Records provided:
——
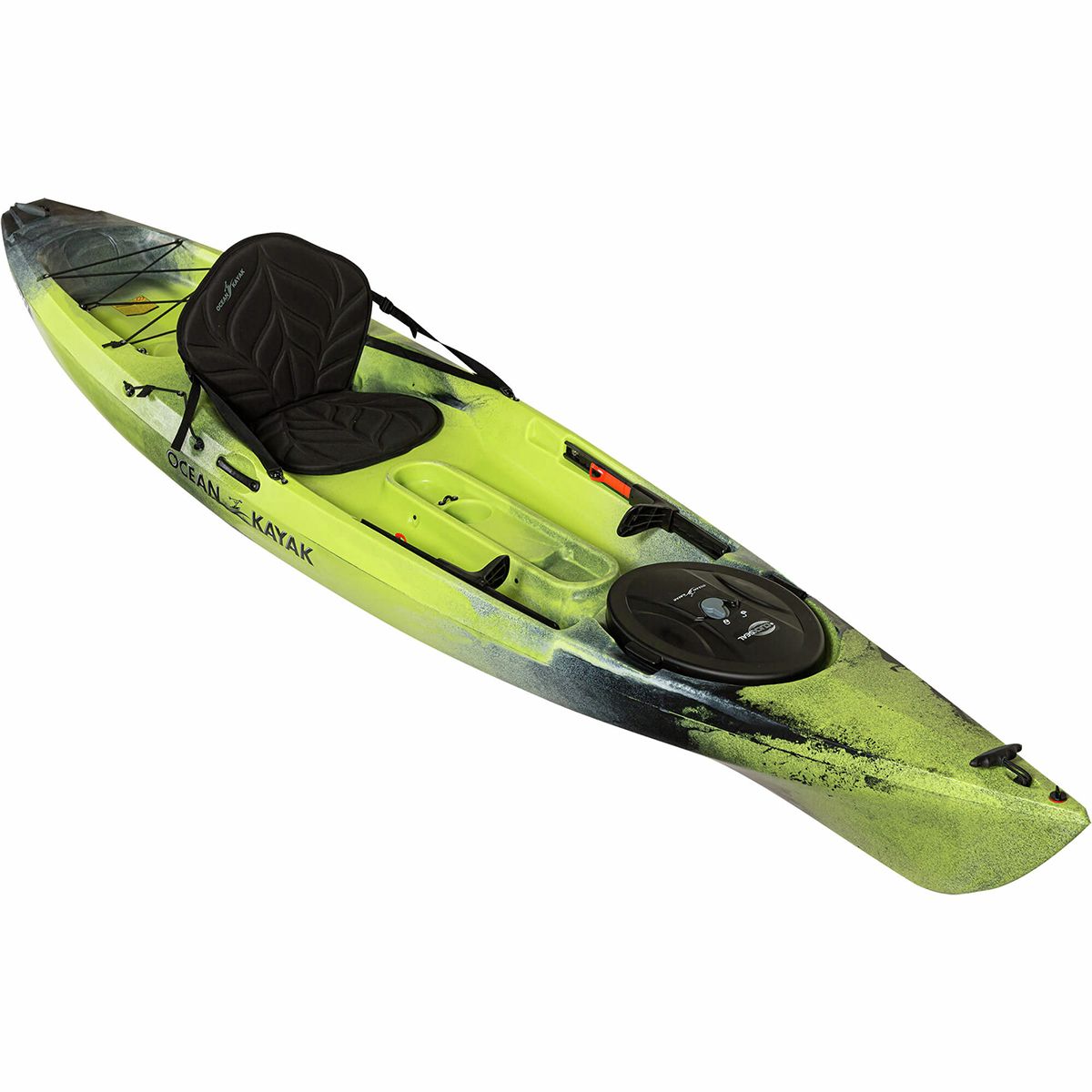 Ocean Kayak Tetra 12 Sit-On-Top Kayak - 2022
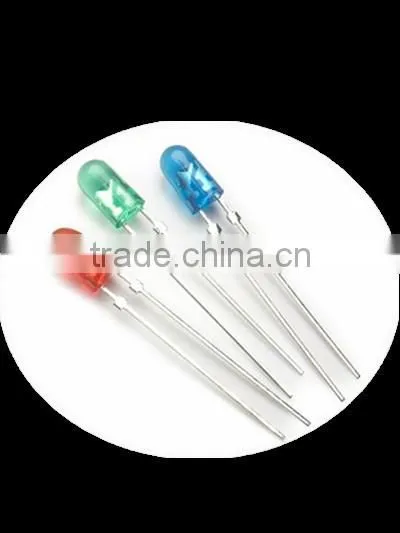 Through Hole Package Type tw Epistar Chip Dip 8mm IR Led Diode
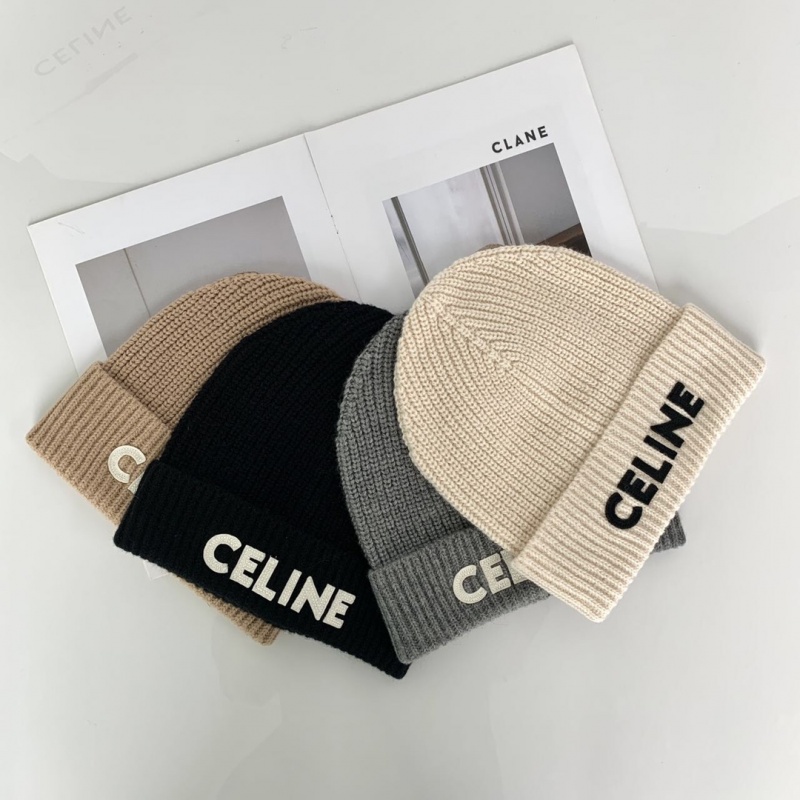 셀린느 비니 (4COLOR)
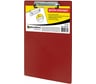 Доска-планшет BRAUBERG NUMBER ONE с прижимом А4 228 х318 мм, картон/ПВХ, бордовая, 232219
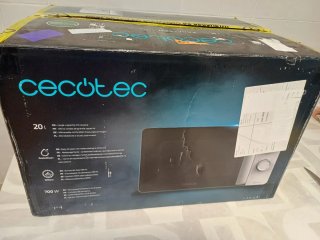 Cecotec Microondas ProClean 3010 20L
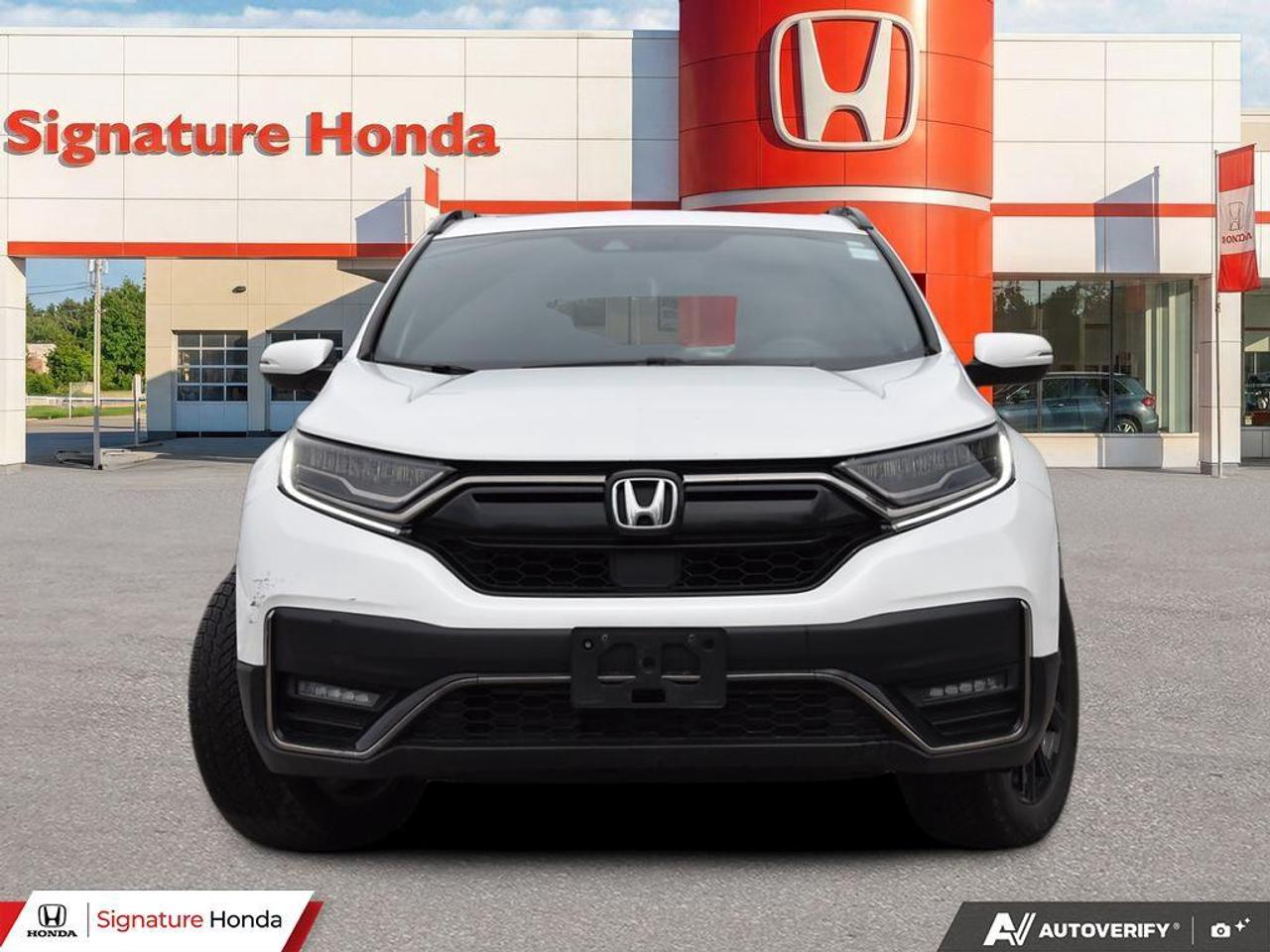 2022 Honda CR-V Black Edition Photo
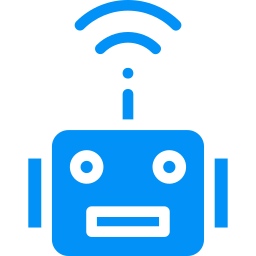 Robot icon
——
Work task:
Reproduce the entire listing above precisely, but keep the images out.

Final answer:
 Ocean Kayak Tetra 12 Sit-On-Top Kayak - 2022
 Through Hole Package Type tw Epistar Chip Dip 8mm IR Led Diode
 셀린느 비니 (4COLOR)
 Доска-планшет BRAUBERG NUMBER ONE с прижимом А4 228 х318 мм, картон/ПВХ, бордовая, 232219
 Cecotec Microondas ProClean 3010 20L
 2022 Honda CR-V Black Edition Photo
 Robot icon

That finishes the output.